TASK TO COMPLETE: Your answer must be the exact lines from the one holding "I'm Into Fitness" through the last line of the records below, with no pictures.

+ + + + + + +

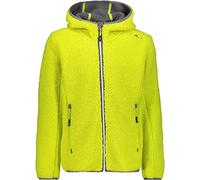 CMP Girls' Teddy Fleece Jacket with Hood, girls, 30P1445, lime, 98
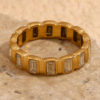 Wholesale Square Zirconia Inlaid Stainless Steel Ring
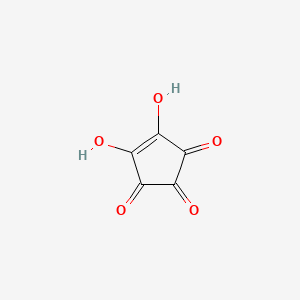 4,5-Dihydroxycyclopent-4-ene-1,2,3-trione chemical structure (CAS 488-86-8)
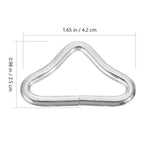 40Pcs Trampoline Triangle Ring Leash Rings Heavy Duty Leash Replacement Trampoline Clips Marine Clips Bungee Bed Triangle Ring G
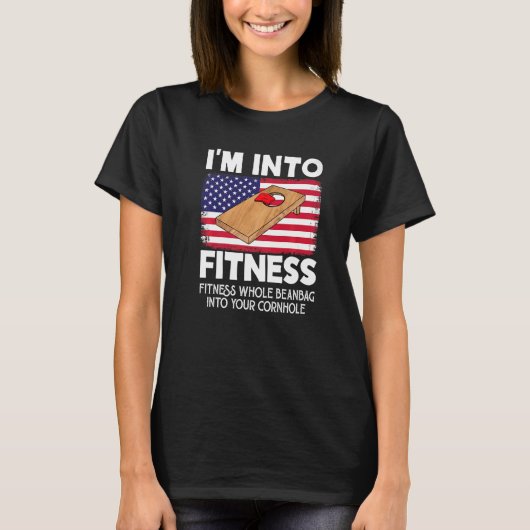 I'm Into Fitness Fitness Whole Beanbag Into your C Tシャツ (正面)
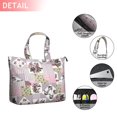 thumbnail image 2 of Pioneer Flower Floral Print Pattern Travel Tote Bags for Women Carry On,Large Weekender Bags for Women Travel,Multi Functional Duffle Bag for Work,Shopping,Sports, 2 of 5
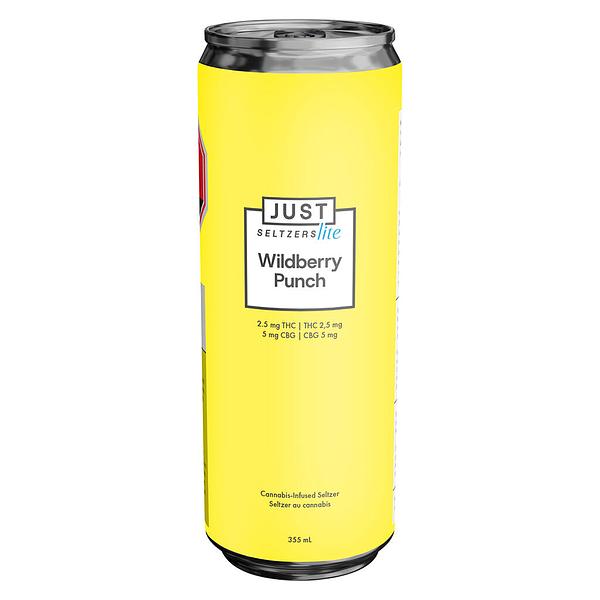 Just Seltzers Lite - Wildberry Punch 2.5 THC + 5 CBG Seltzer image 1
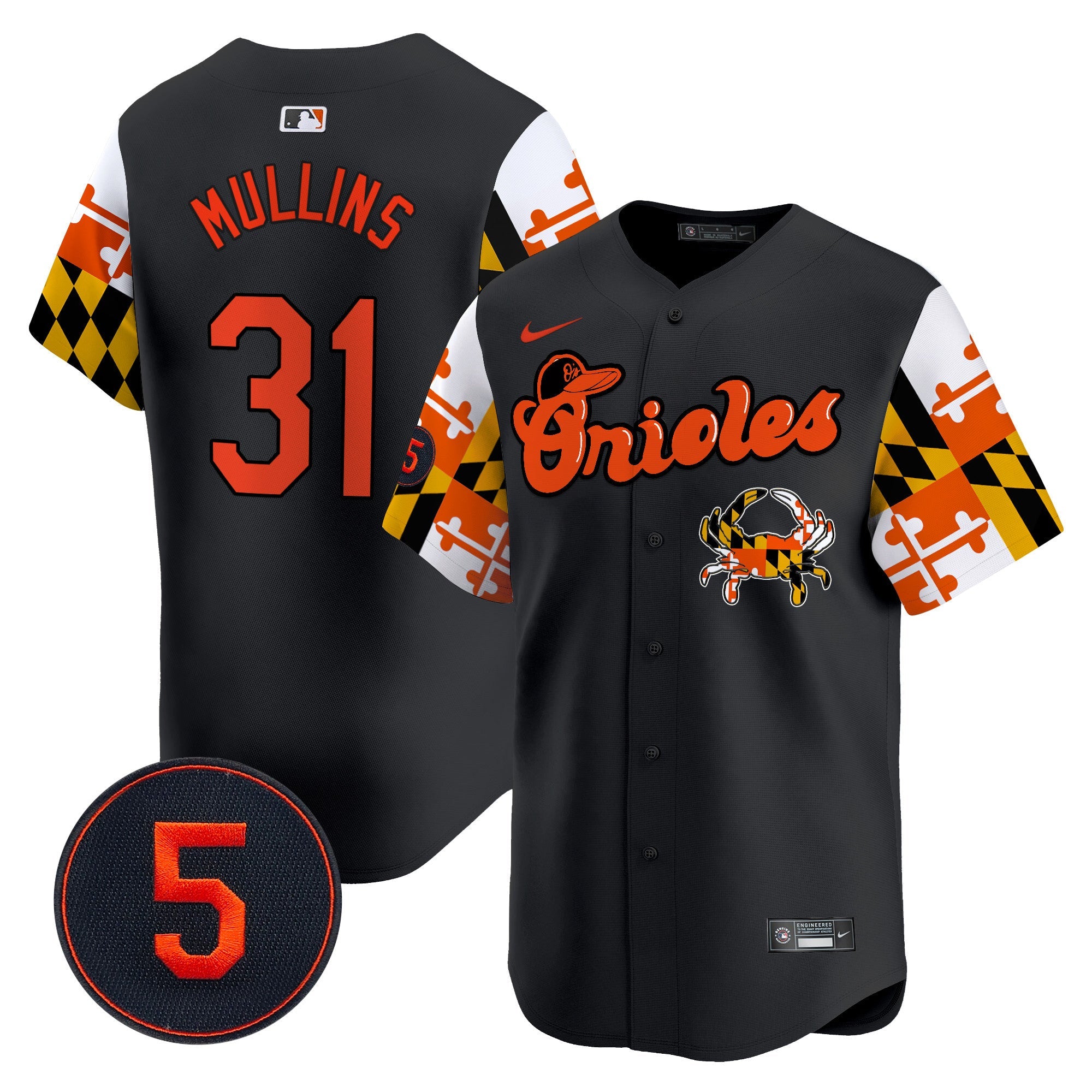 Men’s Baltimore Robinson Patch Vapor Premier Limited Jersey V7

+ + + + + + +

EXPECTED ANSWER:
 I'm Into Fitness Fitness Whole Beanbag Into your C Tシャツ (正面)
 thumbnail image 2 of Pioneer Flower Floral Print Pattern Travel Tote Bags for Women Carry On,Large Weekender Bags for Women Travel,Multi Functional Duffle Bag for Work,Shopping,Sports, 2 of 5
 Just Seltzers Lite - Wildberry Punch 2.5 THC + 5 CBG Seltzer image 1
 Men’s Baltimore Robinson Patch Vapor Premier Limited Jersey V7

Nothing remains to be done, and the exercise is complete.